Le réseau de confiance. Les transactions informelles reposent sur la parole, la relation, la réputation. C'est un système de confiance qui fonctionne, même sans contrat écrit ni caution bancaire.
Les limites qu'il faut voir
Le marché informel a aussi ses faiblesses, et il serait malhonnête de les ignorer. Pas de protection sociale. Pas d'accès au crédit formel. Pas de visibilité fiscale, ce qui exclut de certaines opportunités. Et une vulnérabilité face aux aléas — une saison difficile, un cambriolage, une maladie peut tout faire basculer.
Le problème n'est pas le marché informel lui-même. C'est le manque de structure autour. Les outils existent aujourd'hui pour changer ça, si on les déploie avec intelligence.
Ce que le numérique peut changer
Le mobile money a déjà transformé le commerce informel. Le prochain bond, c'est l'outillage numérique : un système de gestion simple pour un commerçant, un tableau de bord pour suivre ses ventes, un moyen de crédit basé sur son historique réel plutôt que sur un bulletin de salaire.

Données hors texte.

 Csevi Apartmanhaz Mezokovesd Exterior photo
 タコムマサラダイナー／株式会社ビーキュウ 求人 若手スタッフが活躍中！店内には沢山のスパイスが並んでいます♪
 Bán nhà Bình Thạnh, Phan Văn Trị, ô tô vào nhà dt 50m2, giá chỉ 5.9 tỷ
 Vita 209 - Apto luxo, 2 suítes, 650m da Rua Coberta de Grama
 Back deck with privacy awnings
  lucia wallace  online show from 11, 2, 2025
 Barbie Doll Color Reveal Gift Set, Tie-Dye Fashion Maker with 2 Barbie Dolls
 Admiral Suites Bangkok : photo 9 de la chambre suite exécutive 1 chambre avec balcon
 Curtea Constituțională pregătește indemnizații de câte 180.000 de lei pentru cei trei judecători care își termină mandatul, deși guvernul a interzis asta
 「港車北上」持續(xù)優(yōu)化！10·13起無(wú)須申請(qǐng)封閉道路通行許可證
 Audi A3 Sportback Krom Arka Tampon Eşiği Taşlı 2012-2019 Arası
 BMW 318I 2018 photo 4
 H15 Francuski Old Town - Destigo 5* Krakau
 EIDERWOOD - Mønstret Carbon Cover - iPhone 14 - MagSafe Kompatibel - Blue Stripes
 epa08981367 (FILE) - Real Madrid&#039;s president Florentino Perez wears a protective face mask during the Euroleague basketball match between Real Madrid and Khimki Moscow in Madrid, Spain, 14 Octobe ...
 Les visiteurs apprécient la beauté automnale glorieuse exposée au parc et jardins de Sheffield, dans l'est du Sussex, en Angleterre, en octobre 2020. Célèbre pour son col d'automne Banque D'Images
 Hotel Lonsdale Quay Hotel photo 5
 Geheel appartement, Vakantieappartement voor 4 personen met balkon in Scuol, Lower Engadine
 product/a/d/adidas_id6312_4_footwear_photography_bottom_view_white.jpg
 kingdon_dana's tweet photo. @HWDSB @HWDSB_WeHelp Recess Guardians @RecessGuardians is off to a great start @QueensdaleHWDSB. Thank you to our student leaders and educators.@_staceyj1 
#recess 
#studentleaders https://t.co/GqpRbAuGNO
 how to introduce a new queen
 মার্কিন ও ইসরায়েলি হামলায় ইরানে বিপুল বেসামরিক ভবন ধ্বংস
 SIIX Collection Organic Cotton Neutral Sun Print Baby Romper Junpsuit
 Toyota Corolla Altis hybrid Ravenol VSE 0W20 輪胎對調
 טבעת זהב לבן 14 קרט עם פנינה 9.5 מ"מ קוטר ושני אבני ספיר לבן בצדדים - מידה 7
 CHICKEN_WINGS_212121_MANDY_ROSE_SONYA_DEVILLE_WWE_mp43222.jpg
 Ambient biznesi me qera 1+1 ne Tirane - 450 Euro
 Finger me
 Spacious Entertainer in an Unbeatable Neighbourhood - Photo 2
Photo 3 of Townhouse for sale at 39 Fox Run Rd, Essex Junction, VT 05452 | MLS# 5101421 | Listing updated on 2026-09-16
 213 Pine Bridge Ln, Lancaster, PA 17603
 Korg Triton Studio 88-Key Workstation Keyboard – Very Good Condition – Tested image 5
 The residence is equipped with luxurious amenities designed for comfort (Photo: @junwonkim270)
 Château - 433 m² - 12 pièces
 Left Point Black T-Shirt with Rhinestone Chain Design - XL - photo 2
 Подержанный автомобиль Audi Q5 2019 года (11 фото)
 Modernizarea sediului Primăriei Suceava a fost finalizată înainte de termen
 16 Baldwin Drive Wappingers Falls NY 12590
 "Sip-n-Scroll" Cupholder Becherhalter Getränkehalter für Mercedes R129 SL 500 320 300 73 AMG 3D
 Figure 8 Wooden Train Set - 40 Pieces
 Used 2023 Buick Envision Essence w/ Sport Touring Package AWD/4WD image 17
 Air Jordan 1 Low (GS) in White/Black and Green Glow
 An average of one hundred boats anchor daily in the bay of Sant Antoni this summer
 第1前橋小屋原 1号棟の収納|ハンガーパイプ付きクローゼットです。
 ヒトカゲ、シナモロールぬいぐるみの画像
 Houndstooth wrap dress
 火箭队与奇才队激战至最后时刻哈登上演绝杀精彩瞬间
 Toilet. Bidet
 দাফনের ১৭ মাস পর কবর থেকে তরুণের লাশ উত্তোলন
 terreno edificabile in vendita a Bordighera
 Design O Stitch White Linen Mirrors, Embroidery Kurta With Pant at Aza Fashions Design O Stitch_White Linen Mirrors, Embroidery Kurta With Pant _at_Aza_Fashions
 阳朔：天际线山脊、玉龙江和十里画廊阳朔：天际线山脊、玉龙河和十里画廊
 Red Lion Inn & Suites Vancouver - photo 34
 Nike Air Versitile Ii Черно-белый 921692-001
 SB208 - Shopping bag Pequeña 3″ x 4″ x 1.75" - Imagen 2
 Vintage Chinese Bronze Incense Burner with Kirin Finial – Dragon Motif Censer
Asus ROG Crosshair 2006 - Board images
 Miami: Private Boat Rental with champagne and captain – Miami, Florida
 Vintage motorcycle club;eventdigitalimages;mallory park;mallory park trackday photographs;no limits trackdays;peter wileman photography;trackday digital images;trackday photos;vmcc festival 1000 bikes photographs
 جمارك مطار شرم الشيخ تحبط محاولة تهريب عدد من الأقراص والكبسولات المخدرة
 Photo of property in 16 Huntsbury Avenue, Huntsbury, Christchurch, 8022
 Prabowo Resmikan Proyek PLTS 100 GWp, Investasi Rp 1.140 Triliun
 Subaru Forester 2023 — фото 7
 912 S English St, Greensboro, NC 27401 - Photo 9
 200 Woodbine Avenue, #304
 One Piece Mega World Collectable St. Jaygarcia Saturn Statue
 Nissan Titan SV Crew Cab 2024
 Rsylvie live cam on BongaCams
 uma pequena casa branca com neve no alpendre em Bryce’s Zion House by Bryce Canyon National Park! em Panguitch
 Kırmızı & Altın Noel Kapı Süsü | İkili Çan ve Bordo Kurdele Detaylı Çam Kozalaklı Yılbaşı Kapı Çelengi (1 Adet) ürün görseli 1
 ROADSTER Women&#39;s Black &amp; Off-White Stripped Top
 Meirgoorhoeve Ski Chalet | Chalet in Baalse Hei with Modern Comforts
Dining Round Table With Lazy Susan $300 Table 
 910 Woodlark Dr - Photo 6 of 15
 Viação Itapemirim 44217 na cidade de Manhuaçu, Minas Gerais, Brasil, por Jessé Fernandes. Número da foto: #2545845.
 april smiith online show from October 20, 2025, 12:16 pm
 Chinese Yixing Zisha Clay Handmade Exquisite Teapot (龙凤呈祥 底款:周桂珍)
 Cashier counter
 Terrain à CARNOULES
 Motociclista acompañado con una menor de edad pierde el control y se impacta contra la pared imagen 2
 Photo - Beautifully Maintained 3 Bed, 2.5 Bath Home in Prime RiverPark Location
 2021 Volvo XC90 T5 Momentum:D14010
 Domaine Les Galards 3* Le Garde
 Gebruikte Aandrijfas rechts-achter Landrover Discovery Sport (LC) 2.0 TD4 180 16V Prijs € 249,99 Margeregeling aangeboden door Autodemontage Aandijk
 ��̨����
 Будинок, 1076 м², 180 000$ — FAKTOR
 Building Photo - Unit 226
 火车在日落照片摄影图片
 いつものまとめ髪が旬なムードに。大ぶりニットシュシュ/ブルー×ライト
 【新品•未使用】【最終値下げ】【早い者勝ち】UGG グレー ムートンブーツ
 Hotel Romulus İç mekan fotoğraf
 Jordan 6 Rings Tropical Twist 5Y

Ce n'est pas de la tech pour la tech. C'est de la tech pour rendre visible ce qui est déjà performant. Le marché informel ne a pas besoin d'être remplacé. Il a besoin d'être équipé.
Ce que j'en retiens
Travailler avec et pour le marché informel m'a appris que l'innovation n'est pas toujours spectaculaire. Parfois, c'est un formulaire WhatsApp qui remplace un cahier de commandes. Un graphique qui montre les tendances de vente. Un rappel automatique pour un client. Des gains modestes qui, multipliés, changent la vie d'un commerçant.